The Adani Group is poised to invest $5 billion in India’s metals sector over the next three to five years, marking its entry into mining, refining, and the production of metals like copper, aluminium, iron, and steel. This ambitious venture comes two years after Adani’s notable foray into cement with its $6.6 billion acquisition of Ambuja Cements Ltd and ACC Ltd.

As per industry reports, $2 billion of the investment will be allocated to copper projects, with the remaining earmarked for other metals. The conglomerate launched the first phase of its copper operations in March, featuring a smelter capacity of 500 kilotons per annum (ktpa).

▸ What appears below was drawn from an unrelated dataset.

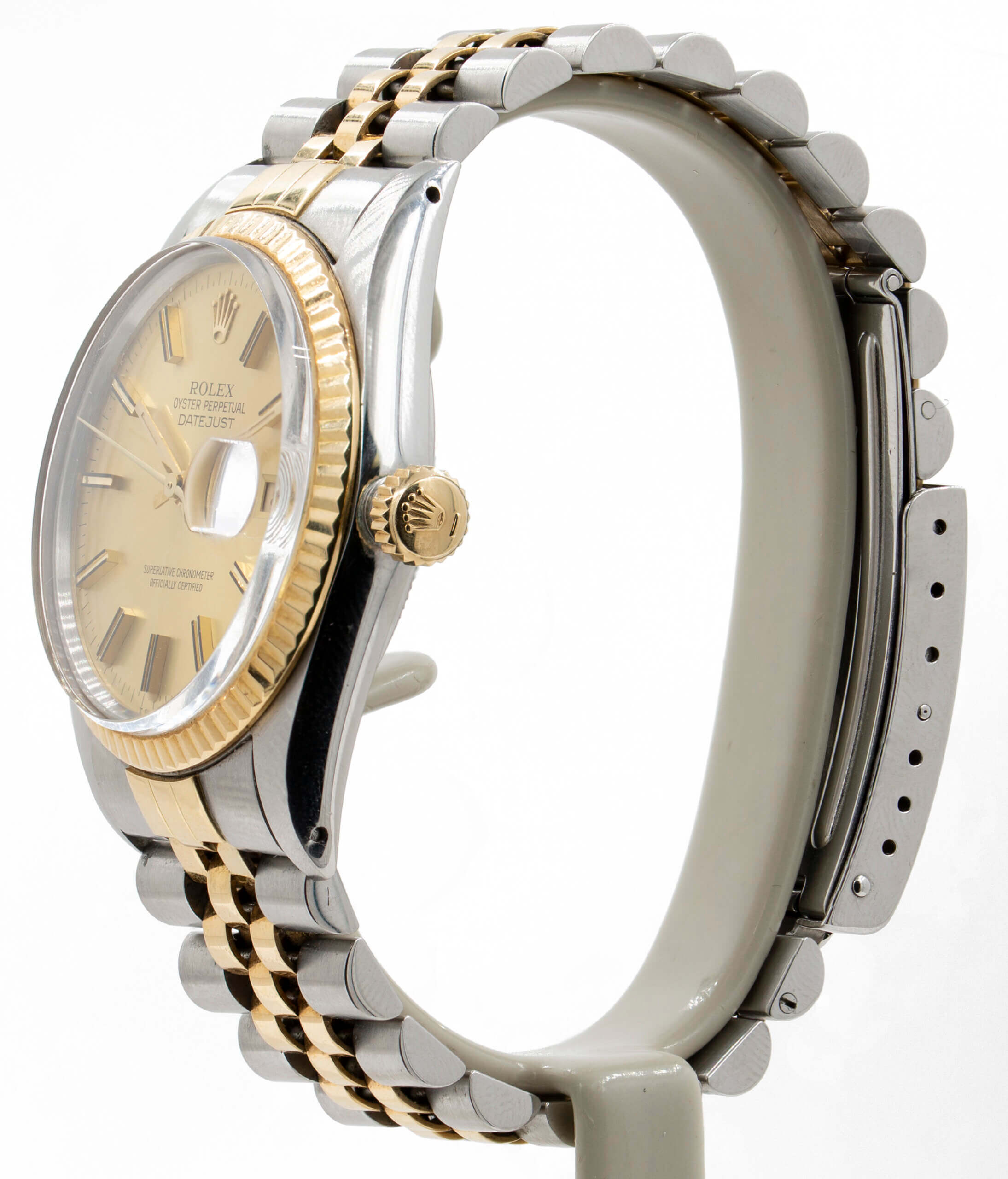 Rolex Day Date Jubilee Bracelet Stainless Steel & Yellow Gold - Lippa's ...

Positioned to compete with industry giants like Vedanta, Hindalco Industries, and Tata Group, Adani’s metals expansion seeks to leverage synergies with its established energy, logistics, ports, and infrastructure sectors.

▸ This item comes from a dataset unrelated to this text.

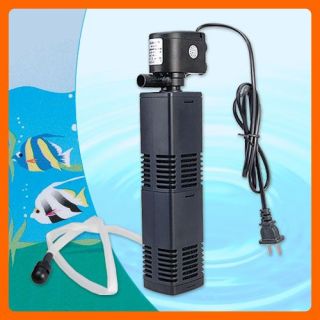 Aquarium Fish Tank Water Pump Filter Air Pipe 880L H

According to sources, this entry into metals supports Adani’s renewable energy ambitions by enabling captive consumption for its green energy initiatives, including solar, wind, and green hydrogen projects. This strategy aligns with Adani’s long-term vision of becoming a leader in sustainable and diversified business operations, reducing dependency on external metal suppliers for its expansive energy infrastructure.
Adani’s competitive stance follows recent developments in the cement sector, where ACC Ltd, an Adani subsidiary, reported a 49% profit drop in Q2, facing low prices and sluggish demand. Despite this, Adani’s diversification in metals could provide significant growth avenues.